He is fifty-eight. His fellow crew members are fifty and sixty-nine. For the past seven years he has worked for the Sanitation Department. “I worked at a freight dock for two years. That was night work. It was punching me out. At the end of the week I didn’t know one day from another. I looked for a day job and landed this.”
 
In this particular neighborhood, the kids are a little snotty. They’re let run a little too loose. They’re not held down the way they should. It’s getting a little wild around here. I live in the neighborhood and you have to put up with it. They’ll yell while you’re riding from one alley to another, “Garbage picker!” The little ones usually give you a highball, seem to enjoy it, and you wave back at ’em. When they get a little bigger, they’re liable to call you most anything on the truck. (Laughs.) They’re just too stupid to realize the necessity of the job.

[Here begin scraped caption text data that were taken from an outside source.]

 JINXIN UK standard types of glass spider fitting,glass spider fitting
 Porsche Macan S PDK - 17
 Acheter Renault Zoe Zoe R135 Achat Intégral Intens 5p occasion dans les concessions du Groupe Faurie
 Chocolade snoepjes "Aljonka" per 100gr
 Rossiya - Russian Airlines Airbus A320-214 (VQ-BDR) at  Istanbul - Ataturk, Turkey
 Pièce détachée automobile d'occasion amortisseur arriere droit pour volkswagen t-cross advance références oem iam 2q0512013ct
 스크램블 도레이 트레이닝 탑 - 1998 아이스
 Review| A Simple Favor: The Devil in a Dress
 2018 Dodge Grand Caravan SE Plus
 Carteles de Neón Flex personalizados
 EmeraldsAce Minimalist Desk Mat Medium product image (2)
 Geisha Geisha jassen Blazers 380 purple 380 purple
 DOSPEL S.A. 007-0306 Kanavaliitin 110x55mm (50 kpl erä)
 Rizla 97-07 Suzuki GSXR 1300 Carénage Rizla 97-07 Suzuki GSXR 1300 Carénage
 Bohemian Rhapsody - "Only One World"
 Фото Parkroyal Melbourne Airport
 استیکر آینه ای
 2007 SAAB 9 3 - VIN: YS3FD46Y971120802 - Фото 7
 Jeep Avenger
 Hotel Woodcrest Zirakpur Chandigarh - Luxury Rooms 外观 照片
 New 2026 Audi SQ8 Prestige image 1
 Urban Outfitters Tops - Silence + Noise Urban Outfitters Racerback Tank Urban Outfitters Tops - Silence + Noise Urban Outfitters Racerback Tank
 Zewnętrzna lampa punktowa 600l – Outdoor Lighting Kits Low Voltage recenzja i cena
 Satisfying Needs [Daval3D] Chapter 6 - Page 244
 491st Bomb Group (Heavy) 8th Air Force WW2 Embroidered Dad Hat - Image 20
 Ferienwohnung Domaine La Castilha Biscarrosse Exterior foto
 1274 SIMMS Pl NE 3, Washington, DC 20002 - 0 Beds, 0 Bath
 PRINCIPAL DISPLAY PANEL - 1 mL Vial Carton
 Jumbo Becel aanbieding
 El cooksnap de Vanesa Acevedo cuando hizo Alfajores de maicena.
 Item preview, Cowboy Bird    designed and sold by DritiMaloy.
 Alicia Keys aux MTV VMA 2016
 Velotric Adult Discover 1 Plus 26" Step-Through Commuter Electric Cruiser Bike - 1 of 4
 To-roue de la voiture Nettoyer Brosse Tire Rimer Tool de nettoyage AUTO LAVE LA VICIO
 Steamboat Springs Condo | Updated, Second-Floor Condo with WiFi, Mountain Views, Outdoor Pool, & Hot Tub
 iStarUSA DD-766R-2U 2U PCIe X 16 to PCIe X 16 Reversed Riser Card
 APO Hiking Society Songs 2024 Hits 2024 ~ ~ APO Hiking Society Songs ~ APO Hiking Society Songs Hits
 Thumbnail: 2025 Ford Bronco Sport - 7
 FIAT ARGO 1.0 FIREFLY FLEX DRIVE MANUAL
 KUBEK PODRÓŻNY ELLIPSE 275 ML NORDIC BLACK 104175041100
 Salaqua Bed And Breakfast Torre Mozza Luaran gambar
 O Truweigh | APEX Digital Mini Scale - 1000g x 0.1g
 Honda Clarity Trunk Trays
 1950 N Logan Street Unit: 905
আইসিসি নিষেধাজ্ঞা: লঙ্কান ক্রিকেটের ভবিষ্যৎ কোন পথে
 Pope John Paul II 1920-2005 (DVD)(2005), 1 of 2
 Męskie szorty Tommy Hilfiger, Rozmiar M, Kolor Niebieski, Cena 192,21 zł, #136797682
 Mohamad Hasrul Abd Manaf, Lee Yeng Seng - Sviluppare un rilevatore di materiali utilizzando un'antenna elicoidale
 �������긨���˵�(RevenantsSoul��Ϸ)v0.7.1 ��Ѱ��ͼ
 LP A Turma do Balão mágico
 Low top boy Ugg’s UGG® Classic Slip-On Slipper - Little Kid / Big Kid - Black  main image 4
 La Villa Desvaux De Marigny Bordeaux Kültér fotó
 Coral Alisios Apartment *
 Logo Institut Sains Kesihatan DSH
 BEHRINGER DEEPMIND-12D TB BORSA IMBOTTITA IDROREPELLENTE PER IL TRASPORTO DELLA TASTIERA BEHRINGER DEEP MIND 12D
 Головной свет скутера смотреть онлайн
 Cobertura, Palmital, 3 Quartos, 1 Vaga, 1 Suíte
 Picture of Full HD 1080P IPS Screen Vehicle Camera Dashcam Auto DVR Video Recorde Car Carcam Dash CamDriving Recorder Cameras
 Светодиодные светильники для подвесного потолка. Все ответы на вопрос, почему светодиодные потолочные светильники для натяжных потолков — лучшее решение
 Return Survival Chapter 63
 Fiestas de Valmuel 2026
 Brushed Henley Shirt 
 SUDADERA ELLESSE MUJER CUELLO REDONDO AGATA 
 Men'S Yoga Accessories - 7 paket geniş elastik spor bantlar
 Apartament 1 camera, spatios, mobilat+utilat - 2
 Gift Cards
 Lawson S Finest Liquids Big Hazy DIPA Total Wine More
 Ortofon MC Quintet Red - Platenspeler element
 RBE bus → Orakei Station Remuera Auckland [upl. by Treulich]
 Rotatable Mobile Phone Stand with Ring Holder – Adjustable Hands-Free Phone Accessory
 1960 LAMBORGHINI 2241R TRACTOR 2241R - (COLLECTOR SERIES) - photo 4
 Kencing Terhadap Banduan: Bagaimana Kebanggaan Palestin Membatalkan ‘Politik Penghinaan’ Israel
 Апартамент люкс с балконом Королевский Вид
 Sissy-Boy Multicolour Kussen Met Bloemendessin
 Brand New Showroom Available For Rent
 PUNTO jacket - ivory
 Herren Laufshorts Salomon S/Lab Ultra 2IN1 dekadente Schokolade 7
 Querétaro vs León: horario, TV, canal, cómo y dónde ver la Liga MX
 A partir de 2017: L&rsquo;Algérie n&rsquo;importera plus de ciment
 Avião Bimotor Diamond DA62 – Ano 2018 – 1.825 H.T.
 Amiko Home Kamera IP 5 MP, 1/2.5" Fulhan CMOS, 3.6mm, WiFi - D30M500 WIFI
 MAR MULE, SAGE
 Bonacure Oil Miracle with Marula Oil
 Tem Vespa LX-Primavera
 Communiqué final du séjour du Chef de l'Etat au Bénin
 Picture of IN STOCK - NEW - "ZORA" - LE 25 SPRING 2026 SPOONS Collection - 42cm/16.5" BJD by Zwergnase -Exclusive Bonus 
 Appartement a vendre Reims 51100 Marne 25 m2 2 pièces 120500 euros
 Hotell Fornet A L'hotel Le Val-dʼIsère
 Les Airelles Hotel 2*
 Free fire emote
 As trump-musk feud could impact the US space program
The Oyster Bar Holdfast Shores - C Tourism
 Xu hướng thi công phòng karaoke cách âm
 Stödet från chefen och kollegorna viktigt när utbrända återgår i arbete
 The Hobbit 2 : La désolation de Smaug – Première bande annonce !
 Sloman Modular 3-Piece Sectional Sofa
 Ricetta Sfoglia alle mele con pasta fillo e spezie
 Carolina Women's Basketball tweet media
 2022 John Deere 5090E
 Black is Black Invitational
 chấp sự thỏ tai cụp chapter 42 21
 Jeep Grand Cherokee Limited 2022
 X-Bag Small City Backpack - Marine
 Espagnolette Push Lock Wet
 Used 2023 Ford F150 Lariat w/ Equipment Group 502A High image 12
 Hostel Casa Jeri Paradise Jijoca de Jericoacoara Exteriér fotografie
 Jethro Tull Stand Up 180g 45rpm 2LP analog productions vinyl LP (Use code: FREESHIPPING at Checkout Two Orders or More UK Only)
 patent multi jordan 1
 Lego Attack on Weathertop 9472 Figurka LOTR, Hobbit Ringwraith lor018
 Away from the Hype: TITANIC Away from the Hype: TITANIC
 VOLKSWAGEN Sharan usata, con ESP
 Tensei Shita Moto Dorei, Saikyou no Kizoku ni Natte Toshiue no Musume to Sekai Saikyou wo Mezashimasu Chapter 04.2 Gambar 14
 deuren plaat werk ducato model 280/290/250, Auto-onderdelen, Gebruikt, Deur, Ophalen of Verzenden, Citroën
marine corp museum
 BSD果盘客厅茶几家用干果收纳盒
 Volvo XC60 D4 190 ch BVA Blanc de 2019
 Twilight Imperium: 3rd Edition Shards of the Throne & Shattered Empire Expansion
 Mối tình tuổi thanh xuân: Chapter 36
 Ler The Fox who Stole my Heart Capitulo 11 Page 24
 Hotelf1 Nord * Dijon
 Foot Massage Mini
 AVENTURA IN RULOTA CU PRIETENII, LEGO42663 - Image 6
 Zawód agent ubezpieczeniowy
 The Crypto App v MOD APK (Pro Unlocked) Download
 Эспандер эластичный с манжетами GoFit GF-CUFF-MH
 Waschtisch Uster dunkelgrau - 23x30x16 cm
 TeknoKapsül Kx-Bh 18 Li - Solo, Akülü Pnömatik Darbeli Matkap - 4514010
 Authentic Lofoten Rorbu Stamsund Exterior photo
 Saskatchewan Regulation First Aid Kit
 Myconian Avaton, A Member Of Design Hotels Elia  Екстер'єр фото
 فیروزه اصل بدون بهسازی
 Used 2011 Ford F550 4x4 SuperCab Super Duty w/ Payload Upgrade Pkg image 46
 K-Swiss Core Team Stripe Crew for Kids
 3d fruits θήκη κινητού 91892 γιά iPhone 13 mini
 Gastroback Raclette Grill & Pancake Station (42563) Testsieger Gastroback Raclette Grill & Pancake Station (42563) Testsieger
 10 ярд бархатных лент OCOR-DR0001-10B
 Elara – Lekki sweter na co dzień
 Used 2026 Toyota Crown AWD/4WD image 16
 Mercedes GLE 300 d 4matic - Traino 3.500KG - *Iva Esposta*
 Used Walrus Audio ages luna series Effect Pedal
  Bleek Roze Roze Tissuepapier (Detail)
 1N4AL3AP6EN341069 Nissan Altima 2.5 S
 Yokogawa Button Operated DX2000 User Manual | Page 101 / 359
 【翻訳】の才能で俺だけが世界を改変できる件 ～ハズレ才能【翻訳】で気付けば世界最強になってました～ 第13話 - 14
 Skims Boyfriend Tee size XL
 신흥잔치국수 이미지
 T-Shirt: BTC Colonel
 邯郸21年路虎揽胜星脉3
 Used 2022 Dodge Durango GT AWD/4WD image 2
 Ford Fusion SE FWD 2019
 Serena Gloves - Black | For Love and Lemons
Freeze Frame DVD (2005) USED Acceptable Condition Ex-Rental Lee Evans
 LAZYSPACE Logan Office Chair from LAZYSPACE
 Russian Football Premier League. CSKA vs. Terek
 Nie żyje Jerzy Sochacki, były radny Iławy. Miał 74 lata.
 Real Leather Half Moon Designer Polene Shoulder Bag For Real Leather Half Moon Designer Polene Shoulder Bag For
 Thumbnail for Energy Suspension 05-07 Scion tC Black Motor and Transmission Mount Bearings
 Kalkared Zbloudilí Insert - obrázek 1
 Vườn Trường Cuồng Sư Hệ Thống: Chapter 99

I’ve been outside for seven years and I feel more free. I don’t take the job home with me. When I worked in the office, my wife would say, “What was the matter with you last night? You laid there and your fingers were drumming the mattress.” That’s when I worked in the office. The bookkeeping and everything else, it was starting to play on my nerves. Yeah, I prefer laboring to bookkeeping. For one thing, a bookkeeping job doesn’t pay anything. I was the lowest paid man there.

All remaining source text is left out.